Peruvian politician (born 1970)

Vladimir Roy Cerrón Rojas (born 16 December 1970) is a Peruvian neurosurgeon and politician who served as the regional Governor of Junín from 2011 to 2014 and in 2019. His second term was suspended early due to a prior criminal conviction. Seven months later, he was suspended to serve a judicial sentence for corruption. Journalist Ricardo Uceda wrote in La República that "there was no evidence" for his conviction by the Judiciary.

Cerrón is the founder and Secretary General of the Free Peru party, which won the plurality of seats in the 2021 Peruvian general election. Cerrón was also initially the candidate for Second Vice President of Peru on Pedro Castillo's eventually winning presidential ticket but was removed as the candidate before the election due to his conviction on criminal charges of corruption. He has been a fugitive from Peruvian authorities since October 2023, with Interpol placing a Blue Notice on Cerrón. He was also a presidential candidate in the 2026 general election.

==Early life==

Cerrón was born in the district of Ahuac, Province of Chupaca in the Department of Junin on 16 December 1970. He is the son of two university professors, Jaime Cerrón Palomino and Bertha Rojas López. He received his primary education at the Sebastián Lorente school in Huancayo and high school in Santa Isabel National College in the same city. He pursued higher education studying electrical engineering at the National University of the Center of Peru and civil engineering at the Los Andes Peruvian University at the same time. This was not concluded however following the killing of his father Jaime Cerrón, then vice-rector for academic affairs at the National University of the Center of Peru, by paramilitary forces in Huancayo during the internal conflict in Peru. His father's body was found on 8 June 1990. Bertha Rojas López would later testify to the post-war Truth and Reconciliation Commission as to her husband's abduction and murder. Following this, Cerrón ended his studies and moved to Lima to work.

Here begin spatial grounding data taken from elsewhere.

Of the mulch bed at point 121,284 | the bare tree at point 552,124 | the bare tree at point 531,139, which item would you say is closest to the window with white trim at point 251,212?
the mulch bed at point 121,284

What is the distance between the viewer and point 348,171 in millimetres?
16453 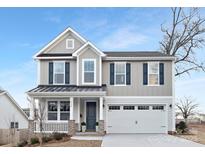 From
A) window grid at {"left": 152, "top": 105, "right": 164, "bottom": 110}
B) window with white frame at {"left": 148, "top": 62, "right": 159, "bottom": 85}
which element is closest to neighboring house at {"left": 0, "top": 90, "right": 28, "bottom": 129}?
window with white frame at {"left": 148, "top": 62, "right": 159, "bottom": 85}

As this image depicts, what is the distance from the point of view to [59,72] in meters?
25.7

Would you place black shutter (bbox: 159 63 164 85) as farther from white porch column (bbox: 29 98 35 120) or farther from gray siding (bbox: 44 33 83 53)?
white porch column (bbox: 29 98 35 120)

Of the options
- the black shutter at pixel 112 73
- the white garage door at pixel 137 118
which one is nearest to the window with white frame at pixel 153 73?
the white garage door at pixel 137 118

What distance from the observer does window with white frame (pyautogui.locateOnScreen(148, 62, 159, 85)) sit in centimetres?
2545

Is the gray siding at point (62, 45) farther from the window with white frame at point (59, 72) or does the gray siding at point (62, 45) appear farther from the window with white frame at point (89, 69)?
the window with white frame at point (89, 69)

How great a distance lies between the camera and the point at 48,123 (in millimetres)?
24578

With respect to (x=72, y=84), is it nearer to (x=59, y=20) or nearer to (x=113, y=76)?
(x=113, y=76)

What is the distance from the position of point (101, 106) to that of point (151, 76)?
421 cm

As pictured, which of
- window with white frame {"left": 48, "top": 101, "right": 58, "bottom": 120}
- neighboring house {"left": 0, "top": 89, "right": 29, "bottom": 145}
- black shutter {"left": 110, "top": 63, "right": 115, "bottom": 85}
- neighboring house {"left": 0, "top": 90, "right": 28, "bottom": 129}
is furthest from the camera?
neighboring house {"left": 0, "top": 90, "right": 28, "bottom": 129}

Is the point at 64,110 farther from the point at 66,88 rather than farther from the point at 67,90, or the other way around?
the point at 67,90

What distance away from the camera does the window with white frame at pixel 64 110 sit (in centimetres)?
2514

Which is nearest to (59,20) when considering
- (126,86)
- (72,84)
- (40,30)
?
(40,30)

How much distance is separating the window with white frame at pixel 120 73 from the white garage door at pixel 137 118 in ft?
5.56

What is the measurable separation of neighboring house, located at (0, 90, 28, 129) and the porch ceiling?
483cm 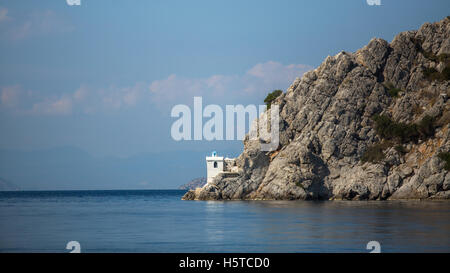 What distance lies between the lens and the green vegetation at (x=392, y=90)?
3848 inches

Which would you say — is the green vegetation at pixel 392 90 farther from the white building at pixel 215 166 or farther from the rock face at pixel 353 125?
the white building at pixel 215 166

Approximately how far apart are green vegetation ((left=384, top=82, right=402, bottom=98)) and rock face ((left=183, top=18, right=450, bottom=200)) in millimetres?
211

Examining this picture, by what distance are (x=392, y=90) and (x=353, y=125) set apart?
9593 mm

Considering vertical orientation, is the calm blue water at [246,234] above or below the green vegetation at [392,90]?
below

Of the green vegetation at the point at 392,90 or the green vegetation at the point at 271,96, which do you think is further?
the green vegetation at the point at 271,96

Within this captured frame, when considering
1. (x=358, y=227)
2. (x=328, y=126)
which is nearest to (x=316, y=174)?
(x=328, y=126)

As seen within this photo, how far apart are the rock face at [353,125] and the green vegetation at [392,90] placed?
21 centimetres

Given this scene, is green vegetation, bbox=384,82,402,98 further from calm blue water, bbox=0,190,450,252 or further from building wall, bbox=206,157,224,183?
calm blue water, bbox=0,190,450,252

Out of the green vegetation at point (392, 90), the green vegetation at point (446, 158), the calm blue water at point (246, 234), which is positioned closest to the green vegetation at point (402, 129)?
the green vegetation at point (392, 90)

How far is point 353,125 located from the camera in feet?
313

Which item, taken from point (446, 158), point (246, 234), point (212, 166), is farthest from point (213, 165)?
→ point (246, 234)

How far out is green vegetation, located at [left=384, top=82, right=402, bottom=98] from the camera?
3848 inches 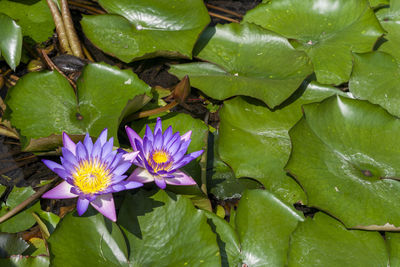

While in Lima, Cerrón secured a scholarship to study abroad at the Carlos J. Finlay University of Medical Sciences of Camagüey in Camagüey, Cuba, where he studied medicine and obtained a doctorate in medicine in 1997. Following this he continued to work in Camagüey at the Manuel Ascunce Domenech University Hospital. Cerrón would later return to Peru and continued medical studies there obtaining a doctorate in medicine from National University of San Marcos in 2009.

== Political career ==
In 2005, he officially entered the political life of his region, joining the Peruvian Nationalist Party until his resignation in July 2006 after this party did not win the general elections that year. In 2006, he founded the regional organization Frente Patriota Peruano. He held the position of regional political secretary of this organization between April 2006 and May 2007 when he resigned. He ran for the first time as a candidate for regional president of Junín in the 2006 elections for the Peruvian Patriot Front that he himself founded. In this election he was in third place with 16.429% of the votes.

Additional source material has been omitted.